* PROBLEM
Starting at the line with "House for sale", retype every remaining line of the records exactly. Do not include pictures.

* EXERCISE MATERIALS
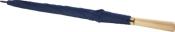 Parapluie de 30" golf en RPET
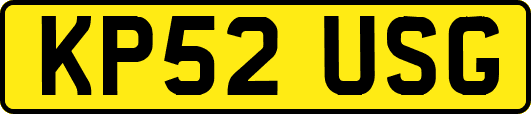 KP52USG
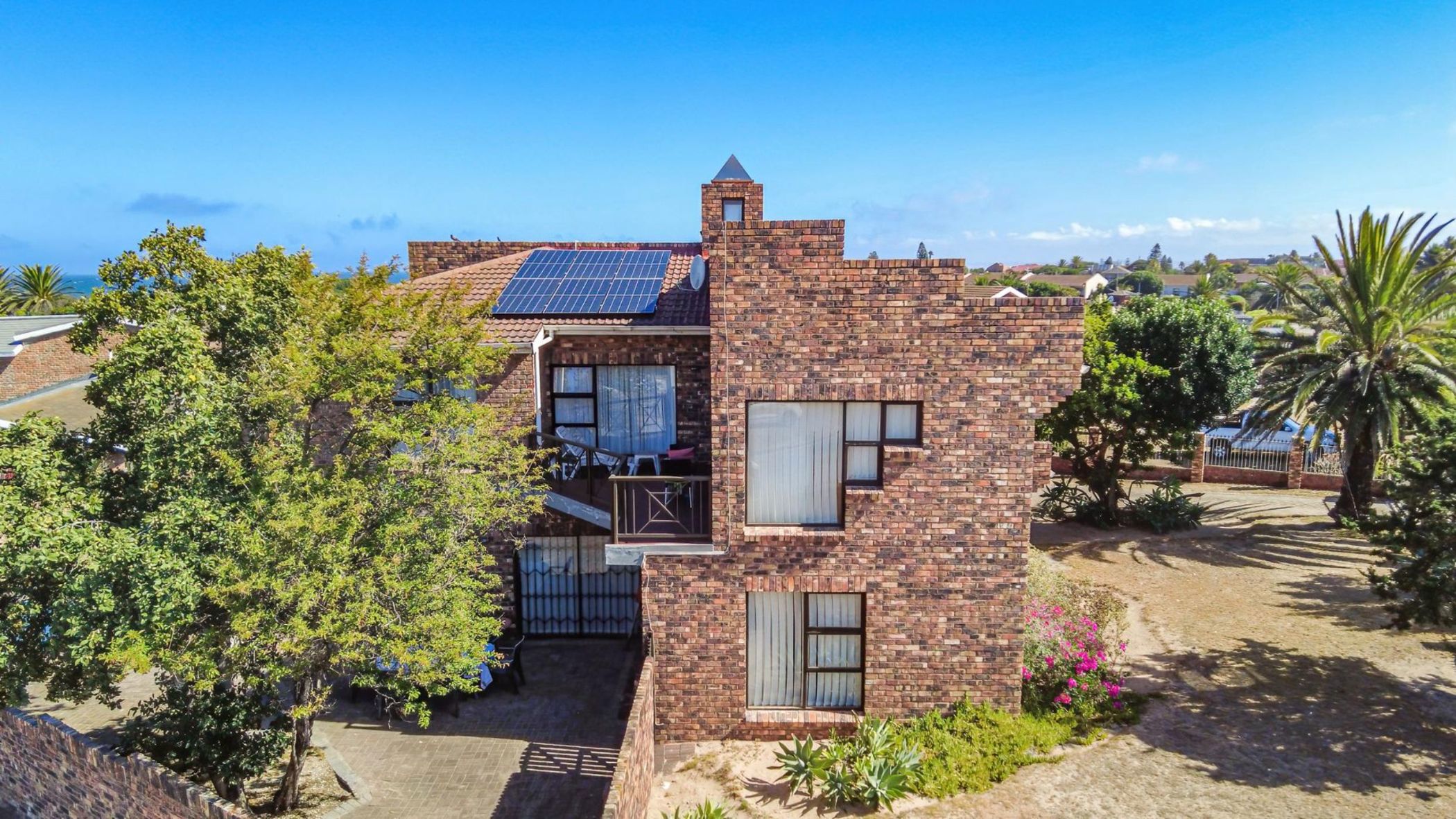 House for sale in Bluewater Bay, Port Elizabeth, Gqeberha - 1PLZ1728675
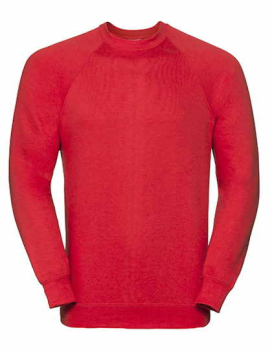 Preview: Classic Sweatshirt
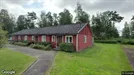 Lägenhet att hyra, Tranemo, Ljungsarp, Tallstigen<span class="blurred street-number" onclick="ProcessAdRequest(3849627)"><span class="hint">Se väg-nr</span>[xxxxxxxx]</span>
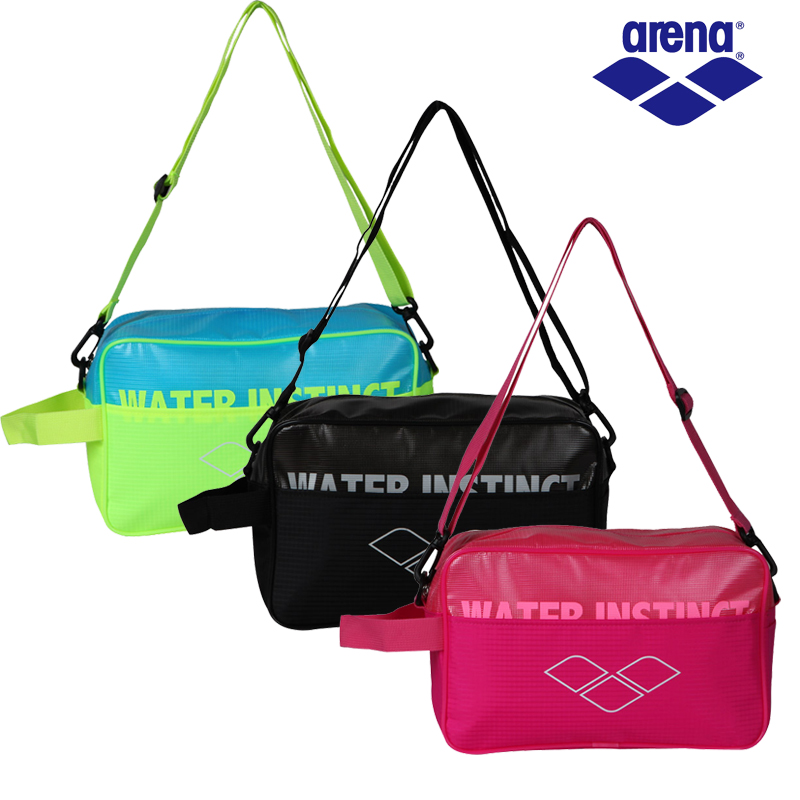 Sac de sport - Ref 16600 Image 1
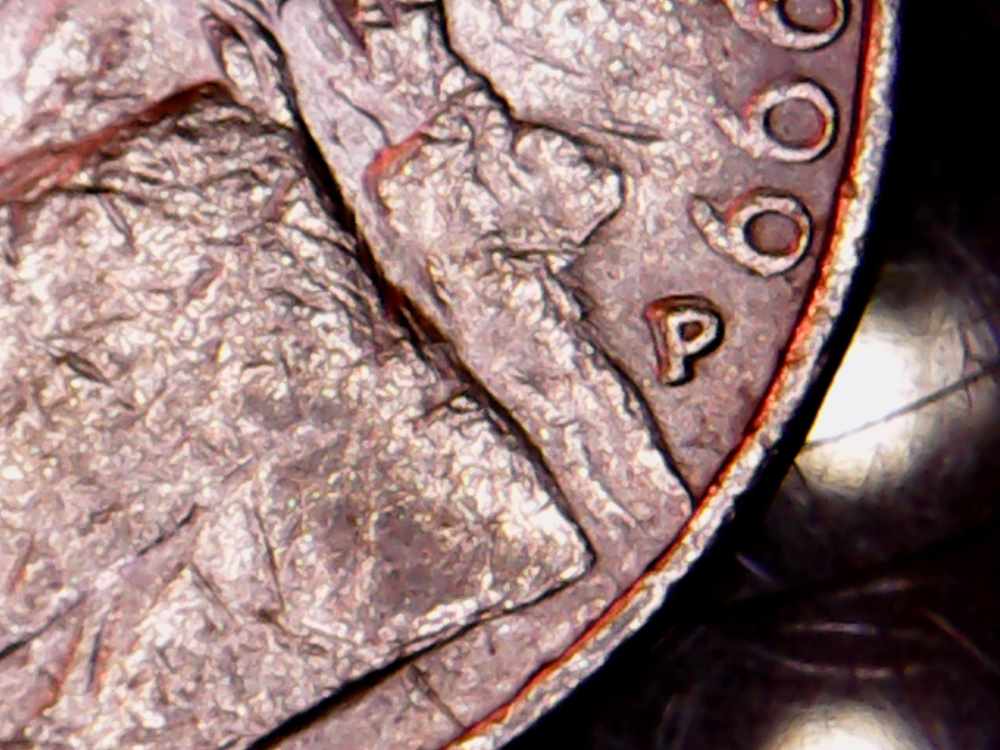 1999-Jefferson-Nickel-Error?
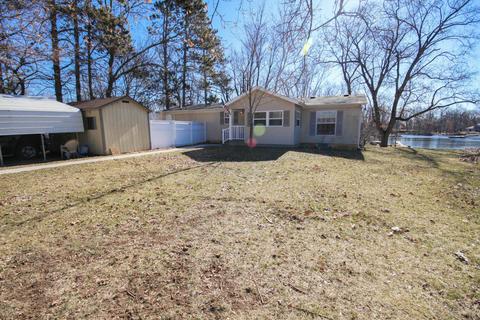 66813 Winding River Rd, Constantine, MI 49042 photo 5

* ANSWER TO THIS EXERCISE
 House for sale in Bluewater Bay, Port Elizabeth, Gqeberha - 1PLZ1728675
 Preview: Classic Sweatshirt
 Lägenhet att hyra, Tranemo, Ljungsarp, Tallstigen<span class="blurred street-number" onclick="ProcessAdRequest(3849627)"><span class="hint">Se väg-nr</span>[xxxxxxxx]</span>
 Sac de sport - Ref 16600 Image 1
 1999-Jefferson-Nickel-Error?
 66813 Winding River Rd, Constantine, MI 49042 photo 5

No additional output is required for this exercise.